L’armée face à de nouveaux challenges

L’armée face à de nouveaux challenges

El Watan, 11 avril 2014

Le nouveau quinquennat permettera, peut-être, l’émergence de la jeune garde marginalisée, débarassée des pesanteurs d’allégeance.

La Grande Muette n’aura jamais autant mérité son nom, assaillie de toutes parts, y compris par ses propres éléments ; l’ANP semble littéralement tétanisée face à l’emballement des événements. Dix ans quasi jour pour jour après la partie de poker menteur qui avait entraîné la défaite de Ali Benflis à l’élection présidentielle de 2004 et la mise à l’écart du général de corps d’armée Mohamed Lamari de son poste de chef d’état-major, le scénario inverse se produit. Le général «cumulard» Ahmed Gaïd Salah, bombardé vice-ministre de la Défense nationale, est considéré comme le plus farouche soutien à la réélection du président sortant et n’en est pas moins ouvertement critiqué par d’anciens gradés de son institution, l’auteur Yasmina Khadra l’accusant même d’avoir «détruit l’armée» et d’être «régionaliste».

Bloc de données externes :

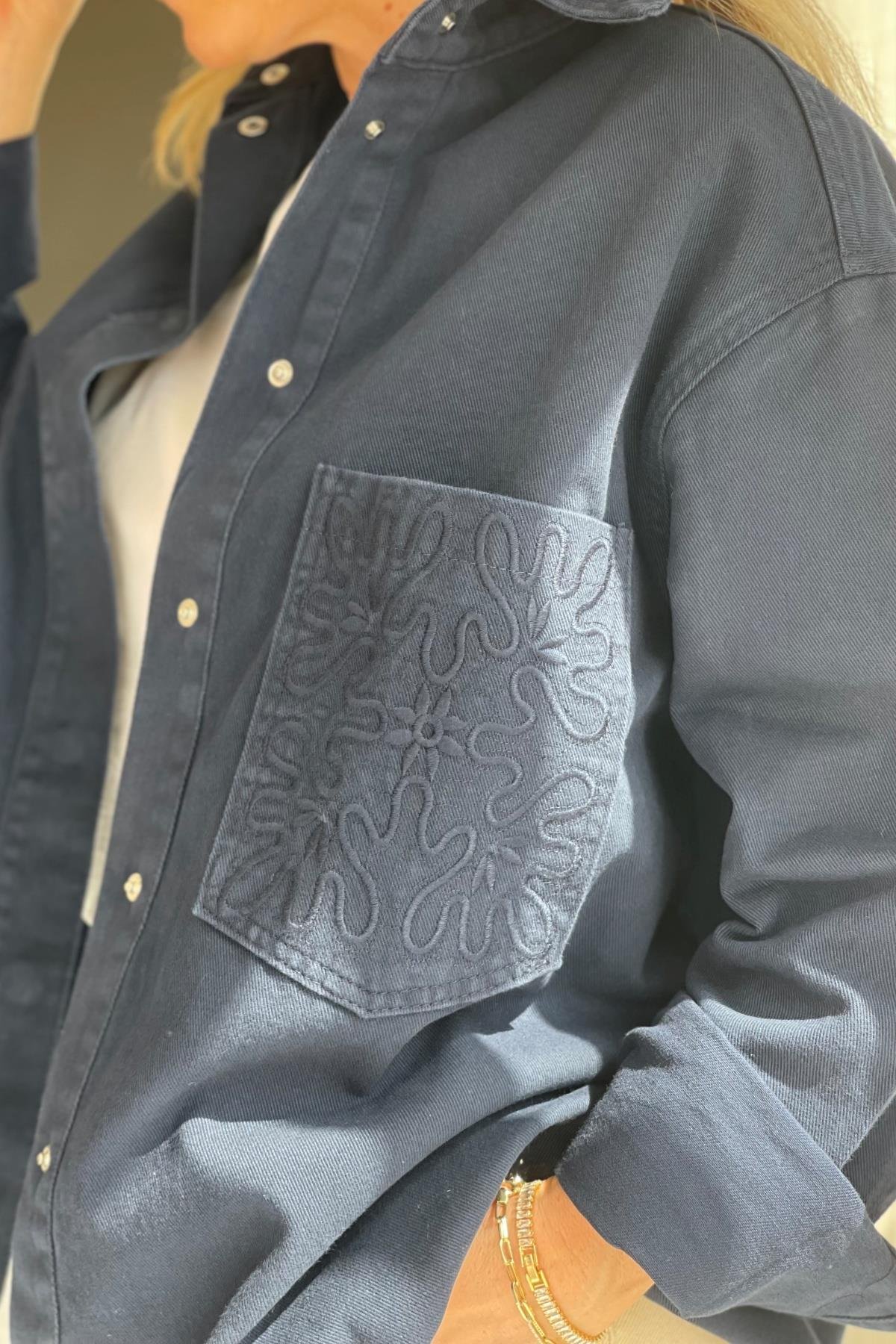 Cep Nakışlı Lacivert Gabardin Ceket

Les propos tenus par le général à la retraite Hocine Benhadid laissent même croire à une profonde division dans les rangs des militaires, la majorité des subordonnés de Gaïd Salah s’opposant de fait à celui-ci tout en se murant dans un mutisme dicté par la discipline et l’esprit de corps. Pire encore, le remodelage soudain du Département de recherche et sécurité opéré à la fin 2013 a eu pour effet de diminuer certaines prérogatives du département et de centraliser entre les mains du chef d’état-major à la fois l’armée et les services chargés de la surveillance de ce corps. Un élément de plus à charge contre Gaïd Salah que retiennent contre lui ses opposants au sein de l’armée.

Le DRS, bien que partiellement reconfiguré, conserve sa puissance originale en raison de la nature même du système politique et de l’Etat. Si tous les regards se tournent vers les corps constitués pour l’après-17 avril, les candidats dans leur ensemble n’accordent que peu d’espace à l’institution militaire dans leurs programmes électoraux. Une sorte de vœu pieux unanime servant de dénominateur commun entre les postulants à la magistrature suprême : réduire la durée du service national à une année et moderniser, voire professionnaliser l’armée.

Gap

Quid de détails ou de données chiffrées ? Quid des programmes de fabrication militaire et de contribution à la croissance économique et de la transparence sur les achats d’armements à l’étranger ? L’insistance générale des candidats sur le renforcement de la lutte antiterroriste aux frontières contredit l’unanimisme des six sur le cantonnement de l’ANP à l’intérieur de ses frontières. Le changement doctrinal de l’armée algérienne n’est donc pas au programme.

L’élection présidentielle qui aurait pu consacrer l’ANP dans son rôle d’arbitre apolitique, de moteur pour la croissance et comme réel acteur militaire de pacification de la région, ne fera que reconduire, pour un quinquennat de plus, une politique de navigation à vue qui, à l’instar de la politique économique du pays, est dans une logique d’épuisement des ressources. Pourtant, passé le 17 avril, l’armée, la police et la gendarmerie seront confrontées à de nouveaux challenges et aux menaces préexistantes. Le risque, bien que marginal, de soulèvement populaire, peut avoir des conséquences inattendues, les scenarii égyptien et surtout tunisien ont montré les limites de la collusion entre les armées et les régimes autocratiques.

La menace terroriste, tant intérieure qu’extérieure, représente un défi logistique pour l’ANP, qui devra maintenir des dizaines de milliers d’hommes dans des régions «difficiles», pendant plusieurs années encore. Elle nécessitera d’exposer aux aléas climatiques des équipements coûteux et sensibles et ainsi raccourcir leur durée de vie et continuera à mobiliser, aux dépens des missions de police classiques, des dizaines de milliers de policiers et gendarmes. La montée inexorable en puissance de la jeune garde de l’ANP sera probablement ce qui marquera les mois qui suivront l’élection, car le gap générationnel créé artificiellement par le biais de mesures administratives mettant à la retraite des jeunes officiers supérieurs tout en maintenant leurs aînés aux différents commandements de forces et de régions ne pourra se maintenir au-delà d’une limite biologique. L’arrivée de la jeune garde au pouvoir militaire libèrera peut-être la politique de l’emprise de l’armée.